Pendant deux ans, quarante patients de l'unité Parkinson du centre hospitalier ont testé une molécule permettant de redéployer le fer dans l'organisme humain. «On sait depuis longtemps que l'excès de fer dans le cerveau est un des facteurs associés à la maladie de Parkinson. Ces patients ont pris un médicament utilisé habituellement chez les enfants qui ont une maladie de sang», explique David Devos, neuro-pharmacologue au CHRU. L'action antixoydante de ce médicament semble ralentir la progression du handicap.
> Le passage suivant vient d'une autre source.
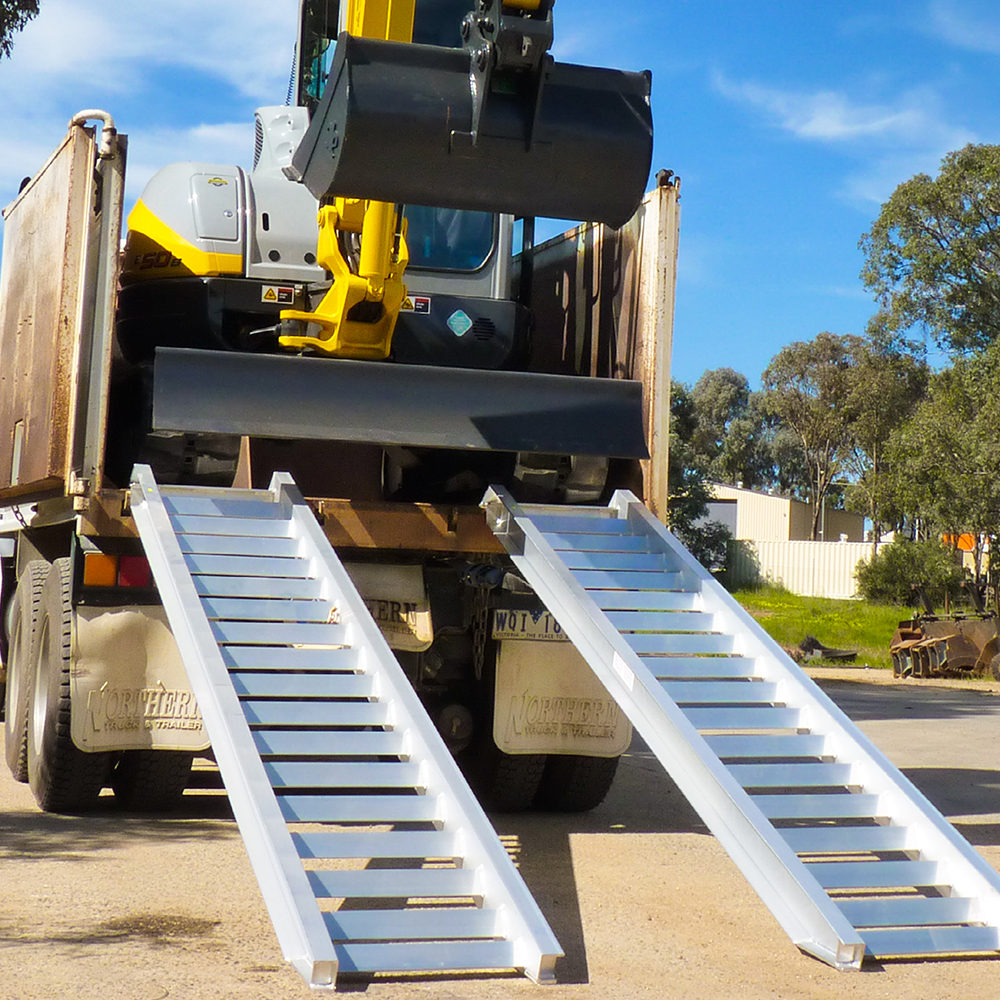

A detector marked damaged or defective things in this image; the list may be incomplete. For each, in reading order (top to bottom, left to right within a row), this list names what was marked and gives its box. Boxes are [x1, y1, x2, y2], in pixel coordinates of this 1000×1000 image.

rusted metal panel [0, 119, 124, 508]
rusted metal panel [316, 500, 504, 556] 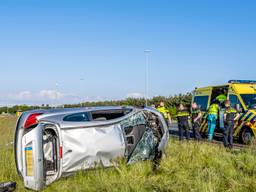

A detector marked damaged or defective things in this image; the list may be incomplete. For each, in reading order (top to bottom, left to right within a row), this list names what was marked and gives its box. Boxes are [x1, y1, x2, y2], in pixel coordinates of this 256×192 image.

overturned silver car [15, 106, 169, 190] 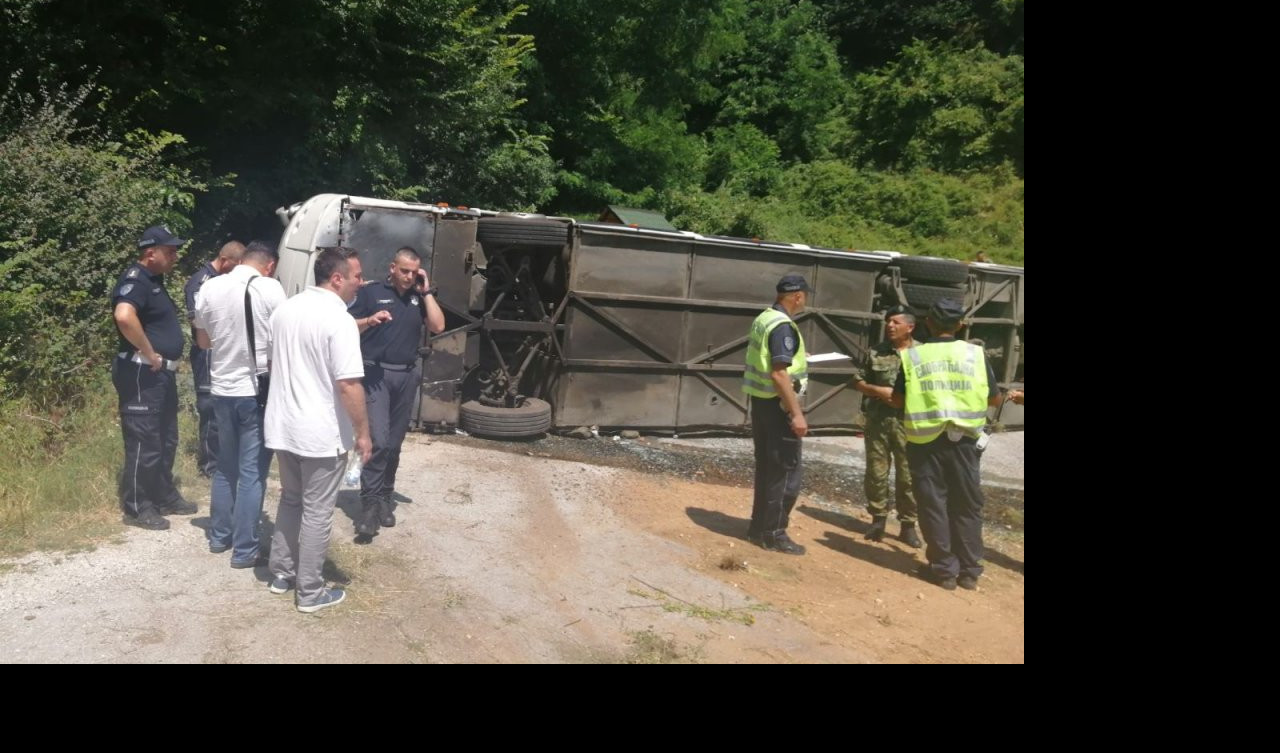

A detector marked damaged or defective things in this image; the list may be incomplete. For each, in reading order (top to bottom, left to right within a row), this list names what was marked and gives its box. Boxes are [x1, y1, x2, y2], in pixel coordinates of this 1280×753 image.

overturned bus [272, 195, 1018, 435]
Un traitement sur le marché dans 5 ans

«J'ai senti une nette amélioration à chaque fois que je prenais ce médicament», assure Joseph Rosanski, un des patients qui a participé à l'étude. Depuis 2005, date à laquelle sa maladie a été diagnostiquée, il avait subi d'autres traitements, avec moins de réussite. «Il faut maintenant valider cette étude en vérifiant les résultats sur une population plus large. Nous devons vérifier que les bénéfices sont plus importants que les effets indésirables, comme la diminution de globules blancs pour certains cas», note David Devos. Pour cela, des fonds européens ont été sollicités.

«Dans quatre ou cinq ans, on peut espérer que ce traitement arrive sur le marché», note la neurologue Caroline Moreau. «D'autant qu'on pourrait peut-être l'appliquer à d'autres maladies du cerveau», précise Luc Defevre, professeur en neurologie. Le service hospitalier a, d'ailleurs, commencé, ce mois-ci, à tester un traitement similaire sur des patients atteints de la maladie de Charcot.